• _Exercise details_: All that is wanted is the line with "Look Magazine May" and each line after it to the end of the data below, set down exactly and without pictures.

• _Information supplied_:

════════════════

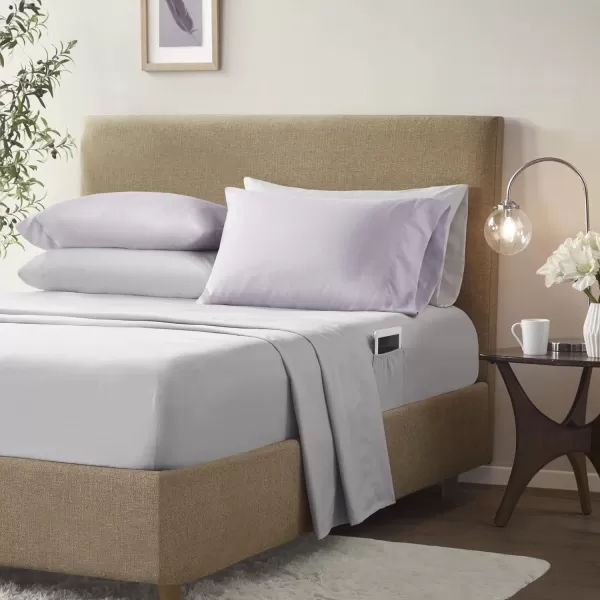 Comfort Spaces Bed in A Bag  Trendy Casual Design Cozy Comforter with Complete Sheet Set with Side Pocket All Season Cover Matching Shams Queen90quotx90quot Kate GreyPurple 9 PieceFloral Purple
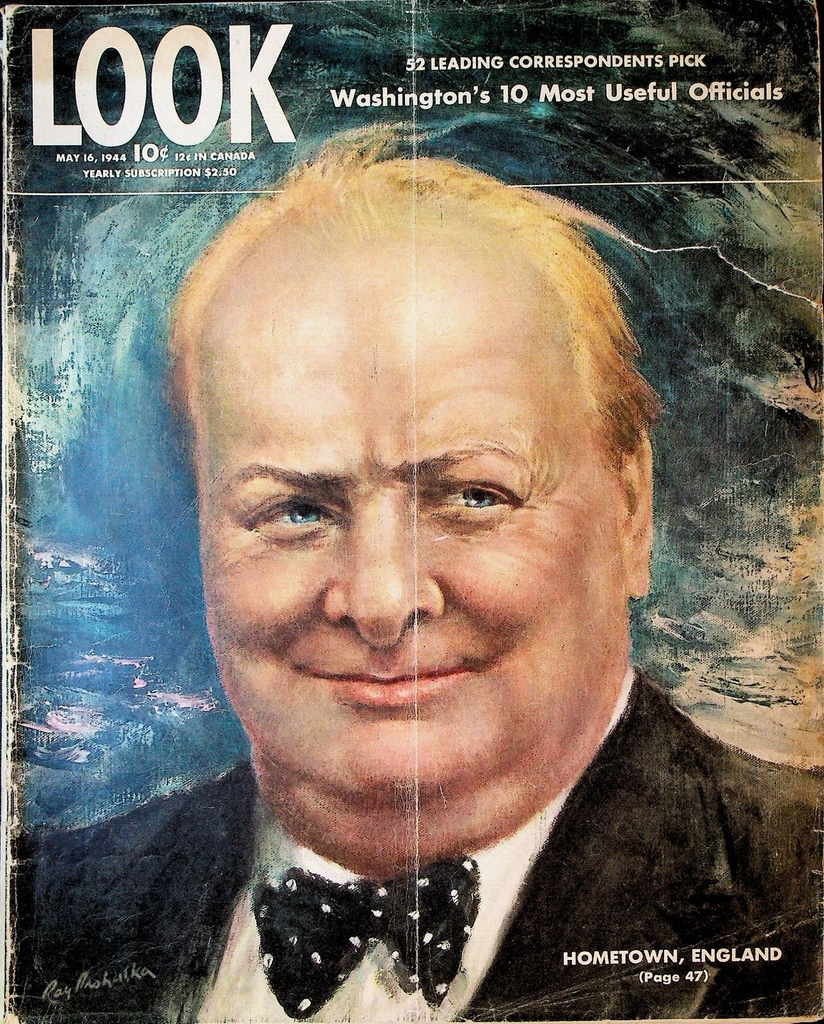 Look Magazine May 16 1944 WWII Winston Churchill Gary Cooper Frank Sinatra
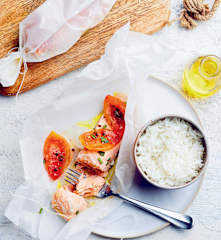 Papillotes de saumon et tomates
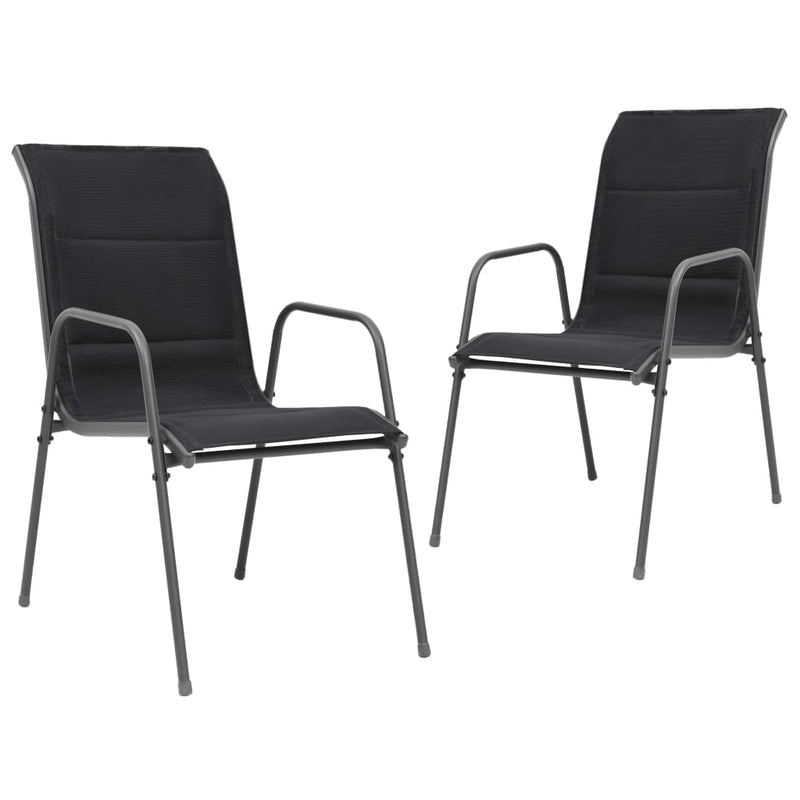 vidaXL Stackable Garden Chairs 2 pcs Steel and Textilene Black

════════════════

• _Answer for the task_:
 Look Magazine May 16 1944 WWII Winston Churchill Gary Cooper Frank Sinatra
 Papillotes de saumon et tomates
 vidaXL Stackable Garden Chairs 2 pcs Steel and Textilene Black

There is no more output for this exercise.